▶ **Task objective**: Only the text should come through, so restate the listing exactly and drop its images.

▶ **Recorded data**:
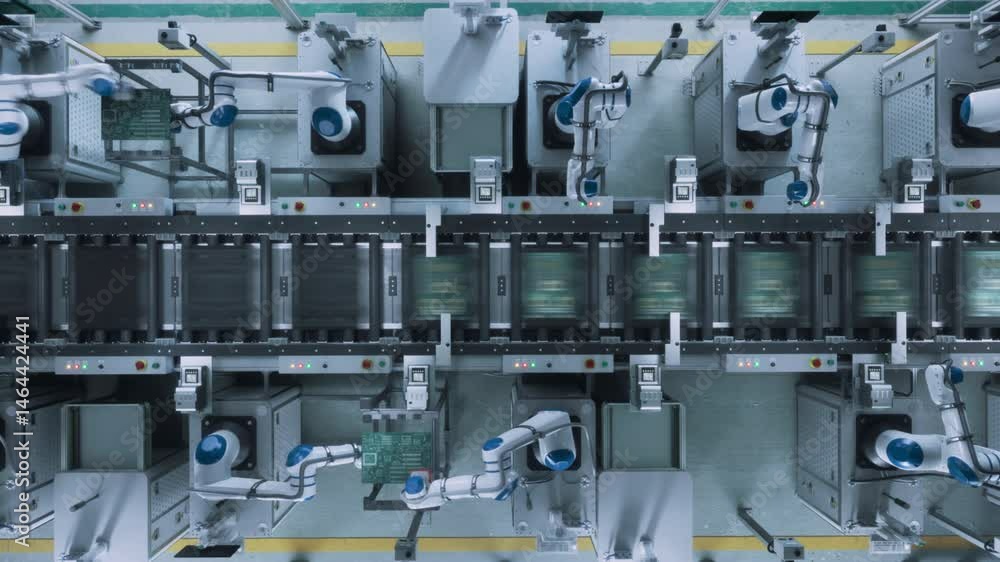 Poster Top Down Footage with Automated Factory Floor with Robotic Arms Producing Computer Components, Fabricating Circuit Boards with Microchips. Futuristic AI Manufacturing of Robotics. Static Shot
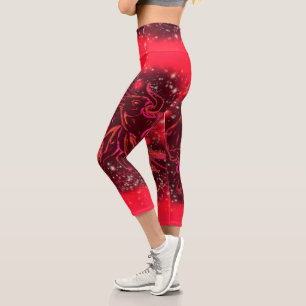 Red Bull Capri Leggings Courir Dans La Nuit Étince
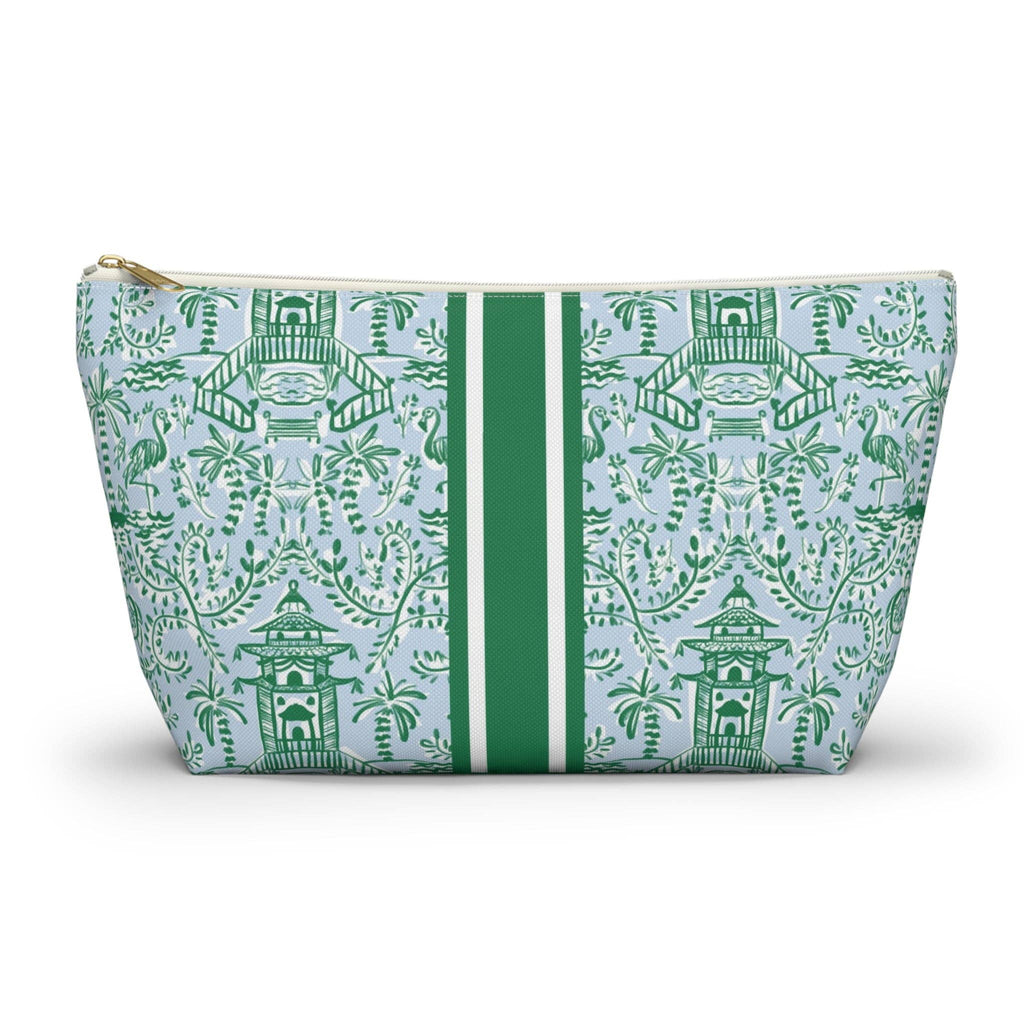 Britt Mills Chinoiserie Palms Mahjong Tile Pouch: White zipper / Large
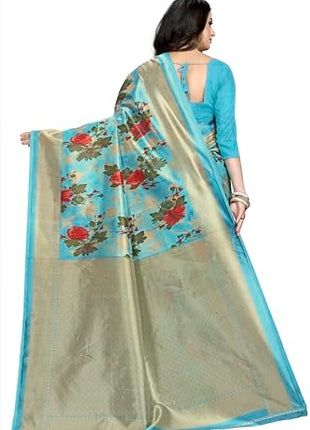 AARIKAA SYNCOT Women's Fancy Mysore Art silk Printed Saree Ethnic Flower Pattern (3146_Mysore_Phiroji)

▶ **Exercise result**:
 Poster Top Down Footage with Automated Factory Floor with Robotic Arms Producing Computer Components, Fabricating Circuit Boards with Microchips. Futuristic AI Manufacturing of Robotics. Static Shot
 Red Bull Capri Leggings Courir Dans La Nuit Étince
 Britt Mills Chinoiserie Palms Mahjong Tile Pouch: White zipper / Large
 AARIKAA SYNCOT Women's Fancy Mysore Art silk Printed Saree Ethnic Flower Pattern (3146_Mysore_Phiroji)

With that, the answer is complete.